→ **The data**
/---
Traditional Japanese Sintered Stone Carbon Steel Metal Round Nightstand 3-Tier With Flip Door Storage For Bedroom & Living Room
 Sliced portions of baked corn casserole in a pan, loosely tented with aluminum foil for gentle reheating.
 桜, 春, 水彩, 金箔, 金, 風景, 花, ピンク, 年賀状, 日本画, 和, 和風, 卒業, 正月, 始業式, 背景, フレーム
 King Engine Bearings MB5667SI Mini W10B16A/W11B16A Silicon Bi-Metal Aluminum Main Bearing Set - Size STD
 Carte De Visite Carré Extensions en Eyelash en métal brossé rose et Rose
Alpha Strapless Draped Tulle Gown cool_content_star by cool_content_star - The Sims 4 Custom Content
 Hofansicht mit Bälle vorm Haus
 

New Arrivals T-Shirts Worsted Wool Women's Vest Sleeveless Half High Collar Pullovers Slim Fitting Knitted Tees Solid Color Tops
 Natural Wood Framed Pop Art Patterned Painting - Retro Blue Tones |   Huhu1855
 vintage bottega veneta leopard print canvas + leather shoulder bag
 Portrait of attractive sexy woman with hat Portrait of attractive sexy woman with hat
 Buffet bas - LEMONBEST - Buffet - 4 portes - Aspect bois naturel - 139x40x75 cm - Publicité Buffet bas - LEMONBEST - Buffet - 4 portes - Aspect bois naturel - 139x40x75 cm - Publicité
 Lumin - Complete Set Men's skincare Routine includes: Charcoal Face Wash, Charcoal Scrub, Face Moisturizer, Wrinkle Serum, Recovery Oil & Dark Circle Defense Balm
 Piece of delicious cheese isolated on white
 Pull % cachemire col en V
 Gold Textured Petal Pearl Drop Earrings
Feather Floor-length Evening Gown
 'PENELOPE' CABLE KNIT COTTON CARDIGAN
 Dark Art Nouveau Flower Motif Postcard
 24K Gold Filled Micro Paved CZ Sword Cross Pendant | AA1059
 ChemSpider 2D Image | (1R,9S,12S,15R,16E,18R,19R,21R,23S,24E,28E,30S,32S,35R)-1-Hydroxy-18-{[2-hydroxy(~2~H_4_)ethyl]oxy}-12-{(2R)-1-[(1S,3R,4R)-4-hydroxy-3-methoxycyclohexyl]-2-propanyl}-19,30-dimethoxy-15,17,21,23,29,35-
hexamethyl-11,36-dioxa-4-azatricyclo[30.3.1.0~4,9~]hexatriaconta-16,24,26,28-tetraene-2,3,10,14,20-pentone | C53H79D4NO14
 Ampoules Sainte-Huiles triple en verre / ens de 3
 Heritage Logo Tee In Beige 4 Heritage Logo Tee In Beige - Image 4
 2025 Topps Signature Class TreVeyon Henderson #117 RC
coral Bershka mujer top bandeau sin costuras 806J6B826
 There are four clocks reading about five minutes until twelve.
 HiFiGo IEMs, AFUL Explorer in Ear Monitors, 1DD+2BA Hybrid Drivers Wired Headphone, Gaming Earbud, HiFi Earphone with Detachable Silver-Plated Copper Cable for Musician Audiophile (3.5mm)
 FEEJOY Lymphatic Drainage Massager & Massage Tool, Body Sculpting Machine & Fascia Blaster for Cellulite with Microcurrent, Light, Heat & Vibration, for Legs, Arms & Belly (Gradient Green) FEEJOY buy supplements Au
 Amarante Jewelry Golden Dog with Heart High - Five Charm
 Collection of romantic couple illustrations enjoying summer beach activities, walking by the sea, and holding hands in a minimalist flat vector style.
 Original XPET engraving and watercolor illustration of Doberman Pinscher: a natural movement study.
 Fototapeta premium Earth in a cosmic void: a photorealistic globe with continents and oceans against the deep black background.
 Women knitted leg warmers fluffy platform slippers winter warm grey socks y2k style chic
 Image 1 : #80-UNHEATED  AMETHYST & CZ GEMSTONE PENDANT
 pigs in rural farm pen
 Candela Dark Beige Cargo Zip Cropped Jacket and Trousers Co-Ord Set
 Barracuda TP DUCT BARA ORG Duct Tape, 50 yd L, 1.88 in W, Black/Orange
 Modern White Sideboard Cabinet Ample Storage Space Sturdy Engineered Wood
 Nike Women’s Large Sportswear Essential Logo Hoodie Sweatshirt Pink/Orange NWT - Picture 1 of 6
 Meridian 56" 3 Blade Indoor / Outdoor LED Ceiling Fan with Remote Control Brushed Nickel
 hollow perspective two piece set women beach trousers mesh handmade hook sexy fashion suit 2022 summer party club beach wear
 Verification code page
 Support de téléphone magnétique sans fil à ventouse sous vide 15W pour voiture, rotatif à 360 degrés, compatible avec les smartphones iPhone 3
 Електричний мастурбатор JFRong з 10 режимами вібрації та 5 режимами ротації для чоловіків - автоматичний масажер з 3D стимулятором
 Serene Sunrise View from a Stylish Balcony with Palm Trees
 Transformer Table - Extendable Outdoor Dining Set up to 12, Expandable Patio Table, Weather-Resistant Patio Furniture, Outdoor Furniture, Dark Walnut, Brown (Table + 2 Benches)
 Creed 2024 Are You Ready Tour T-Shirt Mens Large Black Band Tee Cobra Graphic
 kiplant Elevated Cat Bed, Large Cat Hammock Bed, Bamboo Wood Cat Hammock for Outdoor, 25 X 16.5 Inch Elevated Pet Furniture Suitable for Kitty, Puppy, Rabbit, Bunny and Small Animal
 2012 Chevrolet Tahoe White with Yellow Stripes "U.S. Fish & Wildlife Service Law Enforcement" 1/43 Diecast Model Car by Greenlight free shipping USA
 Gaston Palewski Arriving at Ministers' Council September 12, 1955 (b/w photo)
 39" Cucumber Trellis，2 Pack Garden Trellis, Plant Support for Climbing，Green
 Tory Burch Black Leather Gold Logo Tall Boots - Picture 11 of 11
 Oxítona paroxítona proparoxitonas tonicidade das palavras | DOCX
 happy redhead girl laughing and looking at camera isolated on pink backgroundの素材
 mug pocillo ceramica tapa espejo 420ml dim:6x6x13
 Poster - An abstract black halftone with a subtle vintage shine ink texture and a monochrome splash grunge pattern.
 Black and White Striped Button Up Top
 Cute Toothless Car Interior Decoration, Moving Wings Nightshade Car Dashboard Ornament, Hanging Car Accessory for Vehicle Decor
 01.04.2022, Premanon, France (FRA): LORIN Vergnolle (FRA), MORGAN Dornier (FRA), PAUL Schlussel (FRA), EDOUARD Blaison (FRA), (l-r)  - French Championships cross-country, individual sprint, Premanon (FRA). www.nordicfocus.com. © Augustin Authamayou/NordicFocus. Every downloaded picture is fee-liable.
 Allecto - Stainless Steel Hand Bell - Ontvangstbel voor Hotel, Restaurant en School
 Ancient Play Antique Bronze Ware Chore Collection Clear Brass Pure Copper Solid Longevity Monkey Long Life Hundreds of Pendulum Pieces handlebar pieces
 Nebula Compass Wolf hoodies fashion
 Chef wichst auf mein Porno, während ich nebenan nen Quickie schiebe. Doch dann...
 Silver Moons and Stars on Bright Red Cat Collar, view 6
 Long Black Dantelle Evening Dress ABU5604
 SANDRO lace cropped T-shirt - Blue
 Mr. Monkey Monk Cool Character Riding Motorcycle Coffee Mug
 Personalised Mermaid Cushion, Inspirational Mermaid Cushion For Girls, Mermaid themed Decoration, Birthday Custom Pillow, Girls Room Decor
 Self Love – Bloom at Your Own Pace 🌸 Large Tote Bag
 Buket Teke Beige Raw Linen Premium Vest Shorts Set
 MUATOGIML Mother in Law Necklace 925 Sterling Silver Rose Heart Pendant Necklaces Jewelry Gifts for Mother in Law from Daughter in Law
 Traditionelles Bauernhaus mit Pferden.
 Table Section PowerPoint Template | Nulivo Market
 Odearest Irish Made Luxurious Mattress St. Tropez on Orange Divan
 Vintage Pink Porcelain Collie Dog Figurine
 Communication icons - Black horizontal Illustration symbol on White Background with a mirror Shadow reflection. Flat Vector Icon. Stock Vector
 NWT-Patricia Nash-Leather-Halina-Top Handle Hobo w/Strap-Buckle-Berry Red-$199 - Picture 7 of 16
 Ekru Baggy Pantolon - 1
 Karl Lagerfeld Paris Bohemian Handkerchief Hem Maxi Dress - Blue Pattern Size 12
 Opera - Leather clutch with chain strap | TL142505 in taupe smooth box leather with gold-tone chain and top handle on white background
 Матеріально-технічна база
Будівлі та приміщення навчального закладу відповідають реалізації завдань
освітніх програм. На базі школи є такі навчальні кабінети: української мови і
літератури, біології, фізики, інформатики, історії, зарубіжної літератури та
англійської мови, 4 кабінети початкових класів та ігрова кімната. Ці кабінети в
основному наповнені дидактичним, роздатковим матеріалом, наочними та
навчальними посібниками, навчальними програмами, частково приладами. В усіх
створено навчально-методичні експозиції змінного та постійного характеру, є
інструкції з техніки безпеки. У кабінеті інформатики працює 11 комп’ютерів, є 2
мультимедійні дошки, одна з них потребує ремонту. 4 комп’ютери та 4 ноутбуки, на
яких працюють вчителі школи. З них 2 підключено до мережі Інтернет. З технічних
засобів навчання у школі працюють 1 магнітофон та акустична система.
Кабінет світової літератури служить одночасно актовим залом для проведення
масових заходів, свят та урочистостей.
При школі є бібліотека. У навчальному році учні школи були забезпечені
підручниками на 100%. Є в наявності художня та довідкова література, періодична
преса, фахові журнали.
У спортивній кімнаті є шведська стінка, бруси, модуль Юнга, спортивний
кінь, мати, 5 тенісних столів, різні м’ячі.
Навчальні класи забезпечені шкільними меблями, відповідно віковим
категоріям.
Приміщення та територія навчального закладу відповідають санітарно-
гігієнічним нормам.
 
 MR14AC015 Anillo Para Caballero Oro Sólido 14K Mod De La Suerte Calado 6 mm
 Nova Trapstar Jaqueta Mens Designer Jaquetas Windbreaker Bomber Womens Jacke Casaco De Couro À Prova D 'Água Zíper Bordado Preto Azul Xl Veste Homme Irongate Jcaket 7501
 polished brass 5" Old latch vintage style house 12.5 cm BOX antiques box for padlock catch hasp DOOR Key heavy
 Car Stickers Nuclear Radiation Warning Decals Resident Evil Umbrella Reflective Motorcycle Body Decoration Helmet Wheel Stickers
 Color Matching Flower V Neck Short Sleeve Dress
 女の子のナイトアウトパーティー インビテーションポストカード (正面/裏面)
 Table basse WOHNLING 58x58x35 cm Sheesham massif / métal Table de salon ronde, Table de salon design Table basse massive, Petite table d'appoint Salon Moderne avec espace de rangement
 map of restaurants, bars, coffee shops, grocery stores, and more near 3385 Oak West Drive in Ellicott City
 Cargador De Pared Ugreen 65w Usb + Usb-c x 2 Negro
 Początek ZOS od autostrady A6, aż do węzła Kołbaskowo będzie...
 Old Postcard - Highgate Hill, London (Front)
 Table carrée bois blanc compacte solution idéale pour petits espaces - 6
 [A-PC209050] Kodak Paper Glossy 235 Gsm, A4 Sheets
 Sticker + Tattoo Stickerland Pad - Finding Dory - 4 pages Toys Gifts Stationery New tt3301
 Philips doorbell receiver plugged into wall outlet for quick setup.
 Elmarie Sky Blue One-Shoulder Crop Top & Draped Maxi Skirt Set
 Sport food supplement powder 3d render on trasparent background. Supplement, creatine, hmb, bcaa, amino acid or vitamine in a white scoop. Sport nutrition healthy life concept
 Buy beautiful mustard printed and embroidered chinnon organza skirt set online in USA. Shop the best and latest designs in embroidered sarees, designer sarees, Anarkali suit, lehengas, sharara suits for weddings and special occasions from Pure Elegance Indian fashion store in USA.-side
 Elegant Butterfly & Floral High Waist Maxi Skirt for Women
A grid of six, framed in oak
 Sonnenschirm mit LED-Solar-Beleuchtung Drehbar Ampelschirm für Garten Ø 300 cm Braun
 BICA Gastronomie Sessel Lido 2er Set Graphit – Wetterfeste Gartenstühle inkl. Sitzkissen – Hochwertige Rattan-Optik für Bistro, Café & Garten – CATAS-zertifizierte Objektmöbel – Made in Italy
\---
→ **Task details**
Look above for the line with "Support de téléphone" and the line with "Gaston Palewski Arriving". Retype those two lines and every line between them exactly, adding nothing.

→ **Response**
 Support de téléphone magnétique sans fil à ventouse sous vide 15W pour voiture, rotatif à 360 degrés, compatible avec les smartphones iPhone 3
 Електричний мастурбатор JFRong з 10 режимами вібрації та 5 режимами ротації для чоловіків - автоматичний масажер з 3D стимулятором
 Serene Sunrise View from a Stylish Balcony with Palm Trees
 Transformer Table - Extendable Outdoor Dining Set up to 12, Expandable Patio Table, Weather-Resistant Patio Furniture, Outdoor Furniture, Dark Walnut, Brown (Table + 2 Benches)
 Creed 2024 Are You Ready Tour T-Shirt Mens Large Black Band Tee Cobra Graphic
 kiplant Elevated Cat Bed, Large Cat Hammock Bed, Bamboo Wood Cat Hammock for Outdoor, 25 X 16.5 Inch Elevated Pet Furniture Suitable for Kitty, Puppy, Rabbit, Bunny and Small Animal
 2012 Chevrolet Tahoe White with Yellow Stripes "U.S. Fish & Wildlife Service Law Enforcement" 1/43 Diecast Model Car by Greenlight free shipping USA
 Gaston Palewski Arriving at Ministers' Council September 12, 1955 (b/w photo)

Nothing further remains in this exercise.